- [PROBLEM DETAILS]
Repeat exactly the line that contains "Ralph, Goldendoodle Puppy" and every line after it, down to the last line of the entries below. Do not include pictures.

(Entries taken from a collection)
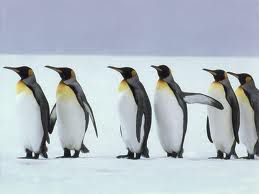 Pingouins du 30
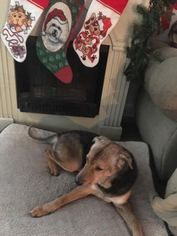 Airedale Terrier Dogs for adoption in Sanford, FL, USA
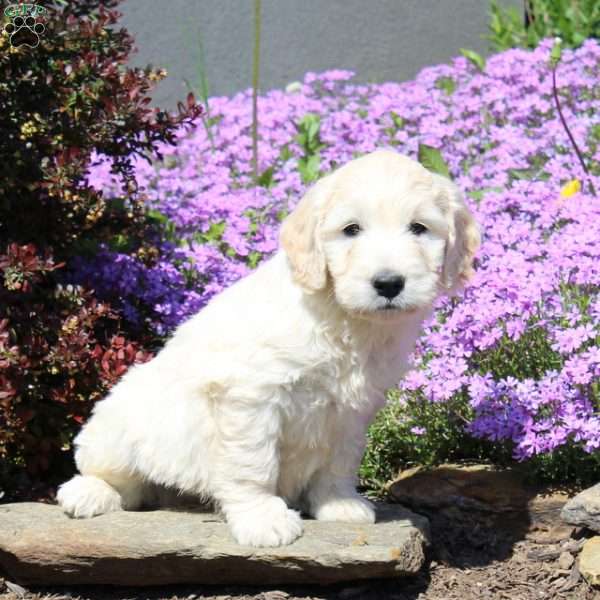 Ralph, Goldendoodle Puppy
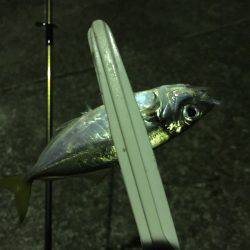 ライト開始です!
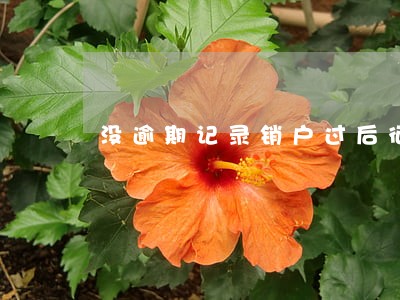 没逾期记录销户过后征信有记录吗 没逾期记录销户过后征信有记录吗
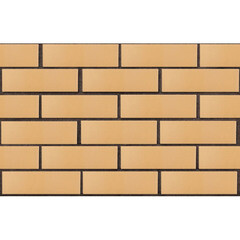 Кирпич облицовочный пустотелый пшеничный М175 250х120х65 мм 1NF ЛСР (ППКЗ) - фото 4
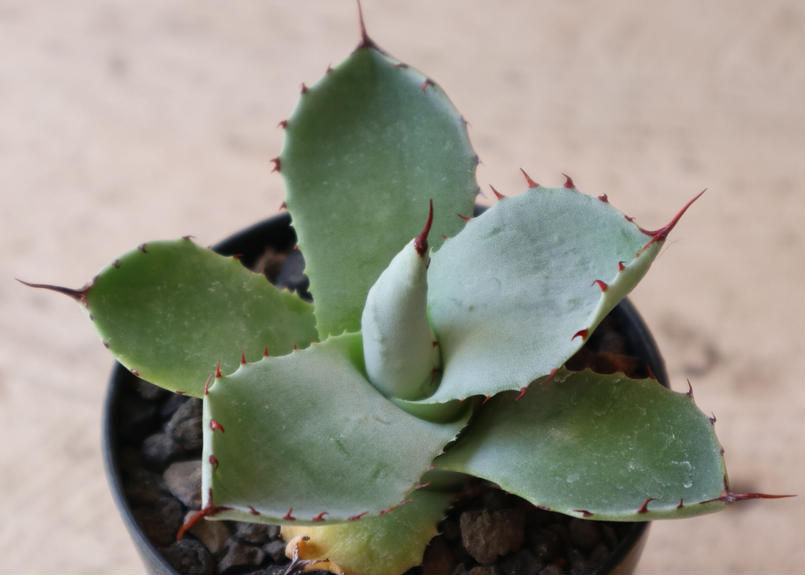 アガベ パリー 吉祥天 トランカータ 黒棘タイプ アガベ 多肉植物 37cm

- [TASK ANSWER]
 Ralph, Goldendoodle Puppy
 ライト開始です!
 没逾期记录销户过后征信有记录吗 没逾期记录销户过后征信有记录吗
 Кирпич облицовочный пустотелый пшеничный М175 250х120х65 мм 1NF ЛСР (ППКЗ) - фото 4
 アガベ パリー 吉祥天 トランカータ 黒棘タイプ アガベ 多肉植物 37cm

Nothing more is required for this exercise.